Well I know that. But with some more investigation people are saying that someone waited for the beeps and the keyboard to light up and he just pressed ctrl+alt+del and his PC restarted. Someone changed his MOBO and that worked. Another guy changed the graphic card and that worked. But those peeps the pc died while it was working. In my case I shut it down and the next day had the beeps. I don't even have a reason to say "that thing destroyed my pc". Why those machines are so f*cked up??


----------



## greenbrucelee

*Re: 1 long beep 3 short problem.*

well most issues caused are basically down to human error for example:- using low quality parts like the psu for instance whilst it may seem economical at the time it could end up being very expensive, using low quality ram again this can cause all sorts of issues, not cleaning dust out of the system can cause overheating therefore damage.
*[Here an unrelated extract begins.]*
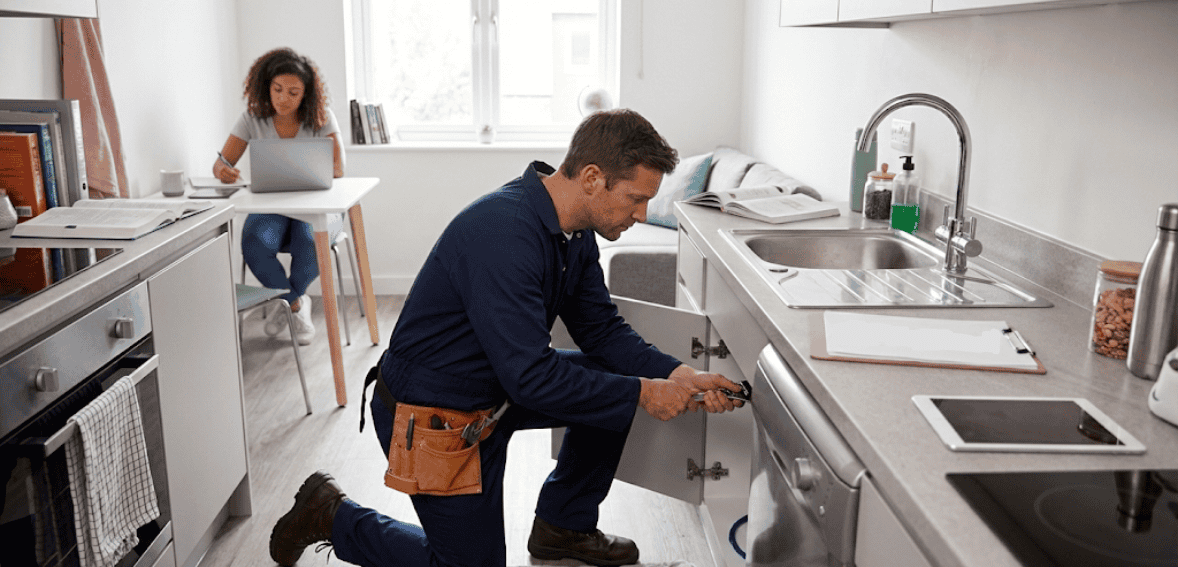 student housing maintenance management technology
Not grounding yourself whilst working inside the pc can cause ESD and destroy components etc etc


----------



## Fireface

Yes, my pc had different mini issues though I could be happy if it was working and suddenly shutted down and never work than this thing happening now. I tried everything and nothing works out until I finish my exams in college and buy some new hardware. So there's no solution, just replacing the hardware. Anyway, thanks all for the replies and if I have any other question I may ask it here.

Thanks, everyone.


----------



## Fireface

I fixed it. It was a VRAM problem as my bios is AMI. So I changed video card and it's ok.


----------



## dai

*Re: 1 long beep 3 short problem.*

what video card you need to have upgraded the psu to run it or you will be losing another card


----------



## Fireface

Well I got a fail ati Radeon hd 5450. That's not as good as my 9800GT but still I bought it 43 euros just to have a pc. I'm gonna have an upgrade soon so it's ok.


----------